Augustus is a digital media company based in Dubai, Cairo, Abu Dhabi and Riyadh. In 2017, Lovin Dubai, operated by Augustus Media, acquired UAE-based tabloid 7days, which announced it would cease operations by the end of December 2016 due to significant reductions in advertising revenue. It also owns several other brands, including local news platform Lovin Saudi and the streaming service Smashi.

== History ==
Augustus was registered in November 2015 in the DMCC (Dubai Multi Commodities Centre) Freezone. Augustus had signed a 10-year franchise agreement with Lovin Media Group for the Lovin Dubai Franchise, launching Lovin Dubai on the 1st of September 2015. In 2016, Augustus launched to the public as a ‘new media' company.

In January 2017 Lovin Dubai purchased the social media profiles of 7Days newspaper. The parent company, 7Days Media, confirmed that the newspaper and its digital operations would cease on December 31, with the final print edition released on December 22. This closure affected approximately 120 employees.

Lovin Saudi launched in September 2017, with offices in Riyadh, Saudi Arabia. In February 2019, the Smashi content platform was launched, followed by the introduction of the in-house content studio, Odeum Content Studio.

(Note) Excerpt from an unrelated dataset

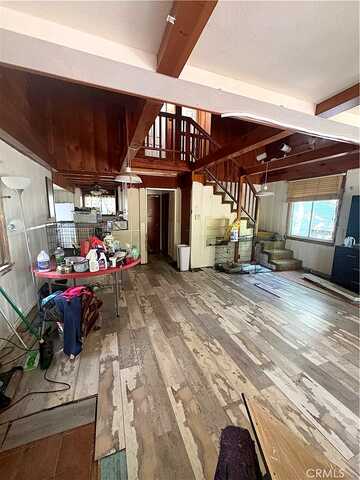 Redwood, CRESTLINE, CA 92325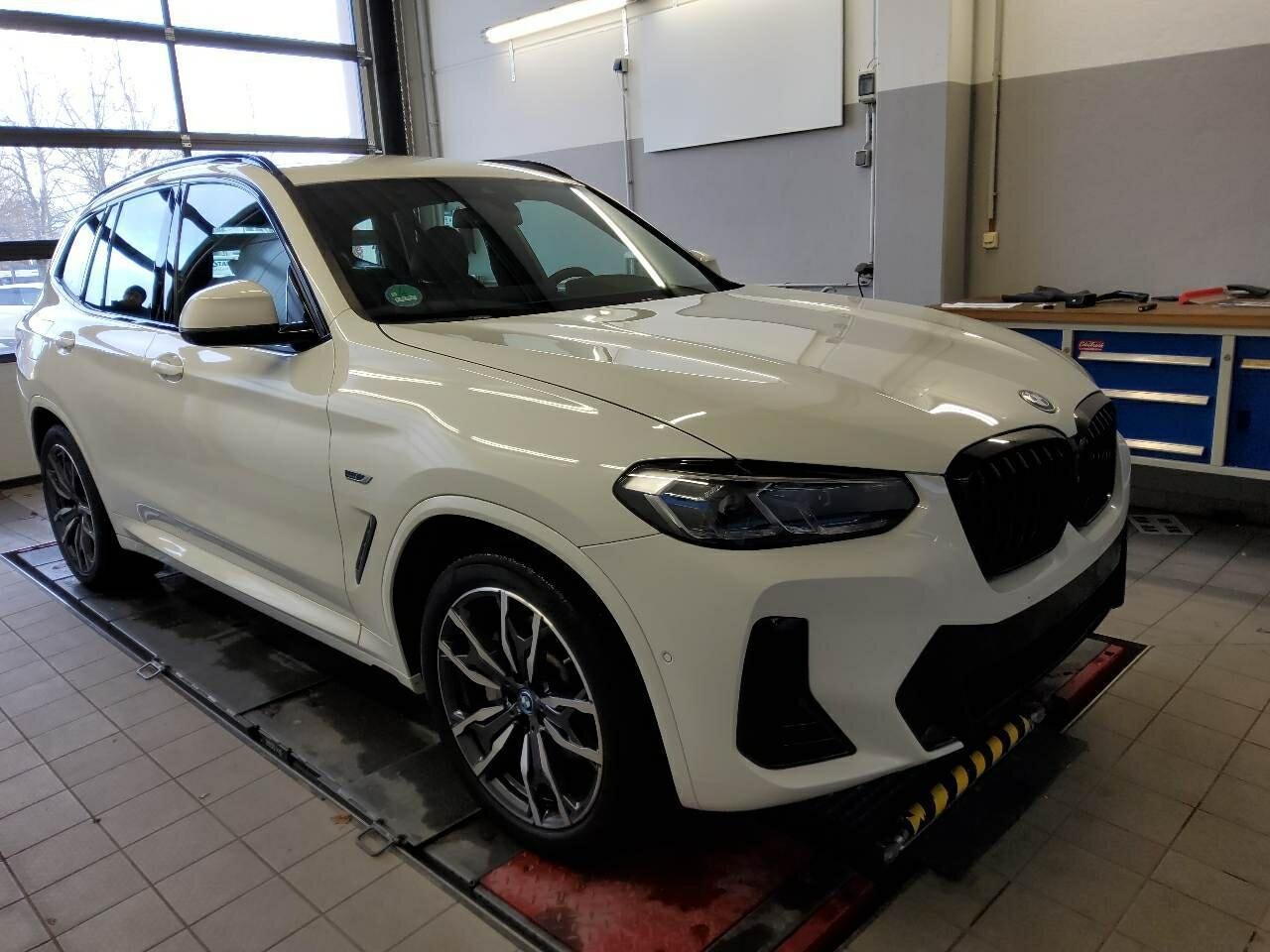 BMW X3 30e - xDrive - Hybrid - Automatic - 184 hp - 39.451 km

In January 2022, Augustus Media moved to a new studio worth 1 mln USD in Dubai Production City. In May 2022, the company completed the acquisition of CAM Plus Sports and launched Lovin in 6 new cities, including Lovin Doha, Lovin Cairo, and Lovin Bahrain. In July 2022, Augustus Media company secured exclusive digital streaming broadcast rights with the UAE Futsal Federation, and subsequently obtained digital streaming broadcast rights with the UAE Volleyball Federation.

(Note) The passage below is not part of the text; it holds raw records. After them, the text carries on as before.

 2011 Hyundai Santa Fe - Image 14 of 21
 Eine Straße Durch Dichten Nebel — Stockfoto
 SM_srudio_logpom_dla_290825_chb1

In 2023, Augustus Media cooperated with Saudi Arabia's Ministry of Investment and the Ministry of Communications and Information Technology's Ignite program.

=== Lovin ===
Lovin' is a local news and lifestyle brand. Lovin is a digital publishing platform, which presents a positive view of the city, town, country or community. The mantra to the brand is: Lovin' Your Life. The Lovin Saudi Show was commissioned up by Snapchat in January 2021. In August 2021, Augustus Media launched Lovin Isloo in Pakistan. It also raised $400,000.

=== Smashi ===

Smashi is a streaming platform that focuses on business news, innovative technology and culture. Since 2019, Smashi have launched a series of shows on Snap Inc.

=== Recognition ===
Augustus won the SME of the year at the MENA Effies 2018.

== Controversies ==
On July 15, 2017, Lovin Dubai released an article with the title "Notorious Irish Gangster Is Getting Married Today In The Burj Al Arab," which referred to Daniel Kinahan and claimed his involvement in an international drug syndicate. Subsequently, Lovin Dubai issued an apology.